I took the poll for fun, well after my ballot had already been mailed away, and oddly enough, my best match was a tie between Obama and Clinton. It may not have told me something I didn't already know, but it made me rethink the accuracy of such systems. Maybe those eHarmony commercials aren't complete bull after all!

Saturday, February 2, 2008

Sneaky Snake...

So, y'all know my debut novel "Stars in their Eyes" was published through a Print On Demand service back in November 2007. It is only available online right now, so unfortunately random strangers can't wander into their local Borders and/or Barnes & Noble and happen upon the cover, think it looks intriguing, and browse through it. Word of mouth through has been spreading slower than I would have liked, and up until now, the book has pretty much only sold to friends and family. I am currently saving some cash to hire a publicist to send an official, professional press release to media outlets like Entertainment Weekly, Good Day LA, and other similar ones.
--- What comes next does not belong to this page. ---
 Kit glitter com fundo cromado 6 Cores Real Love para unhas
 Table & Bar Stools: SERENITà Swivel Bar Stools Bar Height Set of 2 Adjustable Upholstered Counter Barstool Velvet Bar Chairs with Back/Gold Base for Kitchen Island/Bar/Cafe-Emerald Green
In the meantime, though, I have seriously considered just taking a few copies of my book into my own local Borders and/or Barnes & Noble and leaving them on the New In Fiction shelf in the hopes that it peaks the interest of a few people, and they seek out info on it through the website on the back cover.

Apparently, this is a much more common thing for self-published authors (of which there is an increasing number, too, BTW) then I ever could have imagined, as even the NY Times is reporting on instances of it. The phenomenon has been deemed "Shopdropping" and is kind of a reverse form of shoplifting. Simpler forms of it include authors putting copies of their books in front of others or even moving the displays closer to the entrance (though I have a feeling store managers can get pretty P.O.'ed about the latter). Thinking back, I often used to find books or even the occasional CD placed on a random shelf, all by its lonesome. Usually I would assume they were stragglers: one of many that just got misplaced when a customer decided halfway up to the register that he or she no longer wanted it and just discarded it wherever was most convenient. Usually they were not things I would want to purchase, either, so I never bothered to take it up to the register and inquire about it. But now I can't help but think that if I had, maybe I would have learned they had no record of the item in their system at all.
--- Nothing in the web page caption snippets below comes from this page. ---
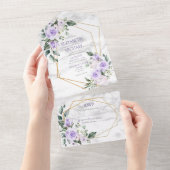 トレンディー金ゴールド幾何学的薄紫フローラ大理石春A オールインワン招待状 (貼ってはがせる)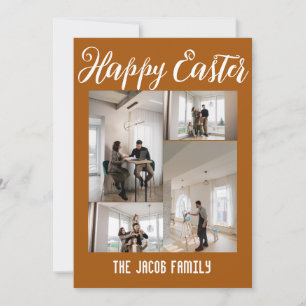 Cartão De Festividades Família de felzs pascoa, páscoa quatro colagem de 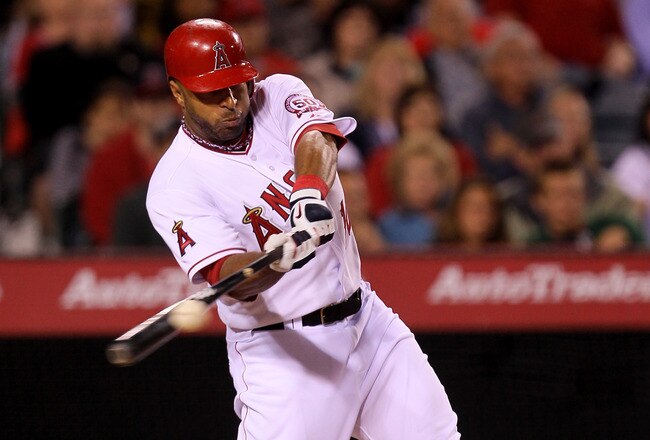 ANAHEIM, CA - MAY 7:   Vernon Wells #10 of the Los Angeles Angels of Anaheim picks up an RBI in the sixth inning with a sacrifice fly against the Cleveland Indians on May 7, 2011 at Angel Stadium in Anaheim, California.    (Photo by Stephen Dunn/Getty Images)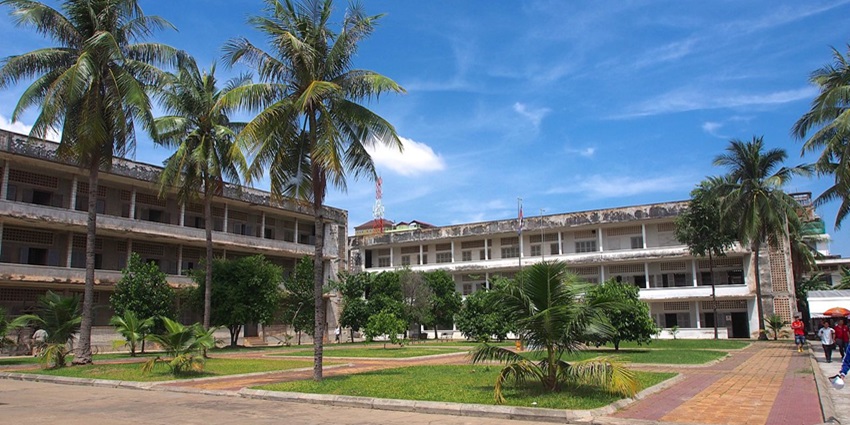 A chilling display of prisoner photographs at Tuol Sleng jail museum in Cambodia, a former Khmer Rouge prison.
Yesterday my book went from being ranked over one million on Amazon to 155,000. I wonder first how many copies I had to sell for that to happen and also if I can double or triple the number daily just by leaving a handful around in strategic places for people to find and talk about (ultimately for free). If you live in the L.A. area, there's a good chance I'll be able to hit a book chain near you, so be on the lookout for this cover!

Friday, February 1, 2008

An Open Letter To Matt Damon...

Dearest Matty:

While I must admit I was partial to Ben during the Good Will Hunting days for his dark, brooding comedian nature, you slowly started to win me over and had me completely with your performance of "Wishin' And Hopin'" on Will & Grace and then again in Eurotrip, a movie I never would have enjoyed if not for riding the giddy high of seeing you in full punk gear rocking out to "Scotty Doesn't Know."
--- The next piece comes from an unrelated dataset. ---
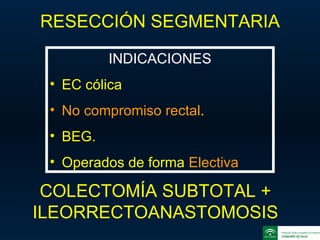 RESECCIÓN SEGMENTARIA COLECTOMÍA SUBTOTAL + ILEORRECTOANASTOMOSIS INDICACIONES EC cólica No compromiso rectal . BEG. Operados de forma  Electiva 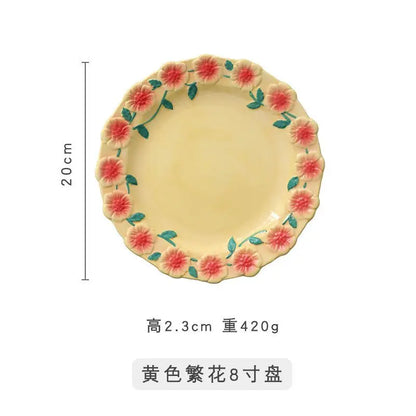 Flower Plate Embossed Small Flower Breakfast Dessert Plate Household Ceramic Plate Under Glaze Colored Hand-painted Tableware.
What I'm trying to say, Matt, is that you are at your best when there is a song of some sort involved. Why, just today you have made me a fan of Sarah Silverman-- a woman who's crassness I usually feel is too much and unwarranted to even elicit a small chuckle-- simply by agreeing to do this with her.

Thank you, Matt, for all of your amazing cinematic achievements, but most of all, thank you for being unafraid to poke a little fun at yourself and partake in some silly renditions. You are my American Idol.